The editors of the UTNE reader focused on Christopher Lasch’s landmark book, The Culture of Narcissism: American Life in an Age of Diminishing Expectations, 1979, and called it "a sort of Silent Spring (an allusion to Rachel Carson's book, 1962) of America’s psychological journey inward."
With permission they excerpted a number of passages from the book which still seem to resonate to this day:
'This book describes a way of life that is dying—the culture of competitive individualism, which in its decadence has carried the logic of individualism to the extreme of a war of all against all, the pursuit of happiness to the dead end of a narcissistic preoccupation with the self....
Economic man . . . has given way to the psychological man of our times—the final product of bourgeois individualism. The new narcissist is haunted not by guilt but by anxiety...

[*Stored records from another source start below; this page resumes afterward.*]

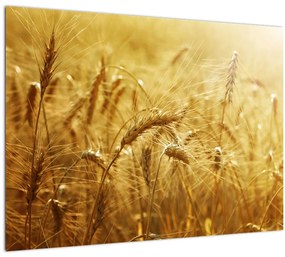 Tablou - Spice de cereale (70x50 cm)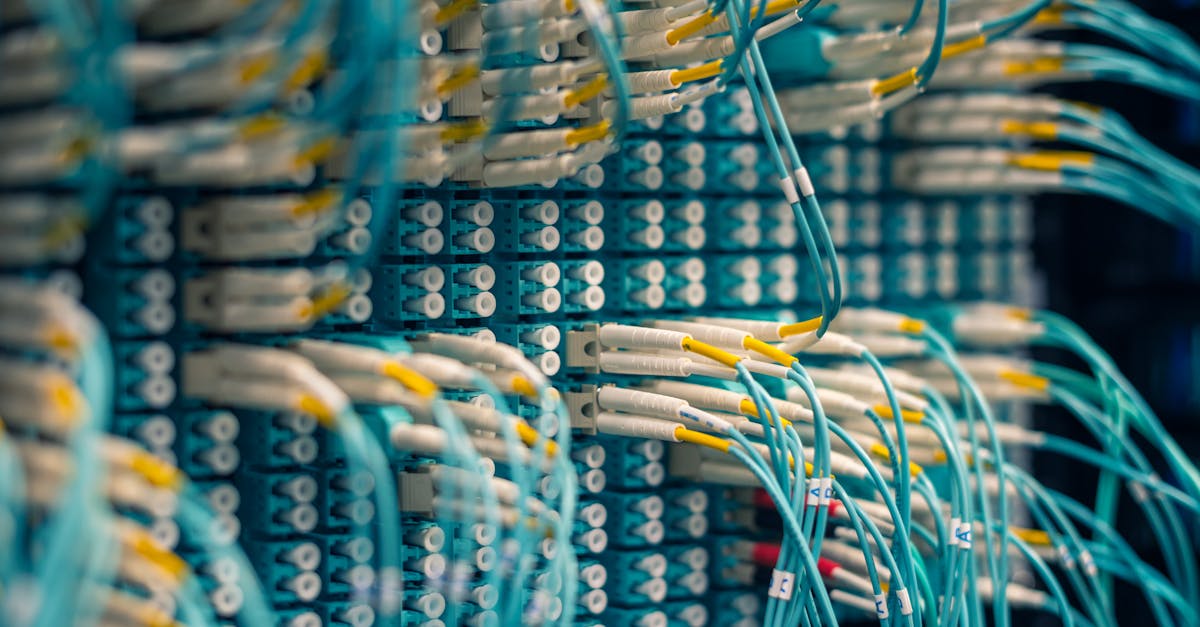 红豆电信实名账号：rc航模购买平台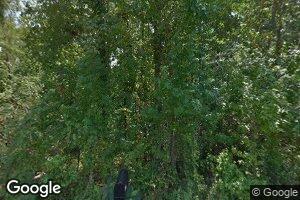 150 Ida Dr, Pennington, AL 36916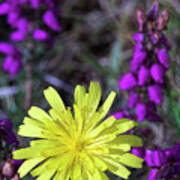 Attēlu rezultāti vaicājumam “Leontodon autumnalis  leaf”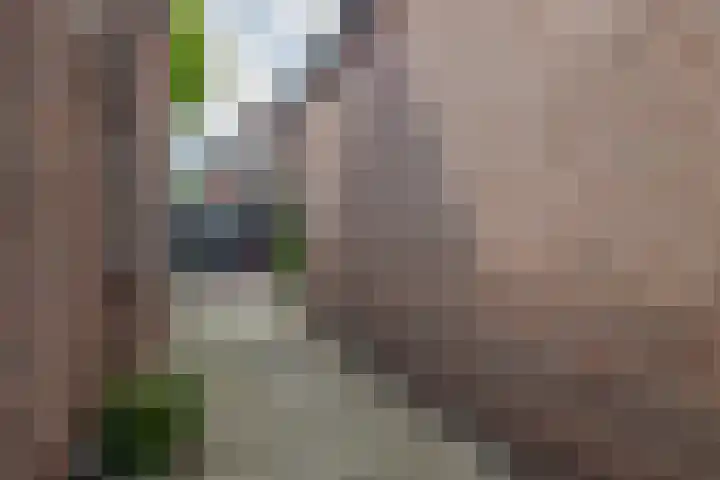 Christiaan de Vrieslaan 16 Middelharnis thumbnail 27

Acquisitive in the sense that his cravings have no limits, he does not accumulate goods and provisions against the future, in the manner of the acquisitive individualist of 19th-century political economy, but demands immediate gratification and lives in a state of restless, perpetually unsatisfied desire....
The contemporary climate is therapeutic, not religious. People today hunger not for personal salvation, let alone for the restoration of an earlier golden age, but for the feeling, the momentary illusion, of personal well-being, health, and psychic security....
Notwithstanding his occasional illusions of omnipotence, the narcissist depends on others to validate his self-esteem. He cannot live without an admiring audience. [His insecurity can be] overcome only by seeing his “grandiose self” reflected in the attentions of others, or by attaching himself to those who radiate celebrity, power, and charisma. For the narcissist, the world is a mirror, whereas the rugged individualist saw it as an empty wilderness to be shaped to his own design....
Today people complain of an inability to feel. They cultivate more vivid experiences, seek to beat sluggish flesh to life, attempt to revive jaded appetites...'
It's interesting to reflect on these passages and others in the article to see how they measure up to our mindset today.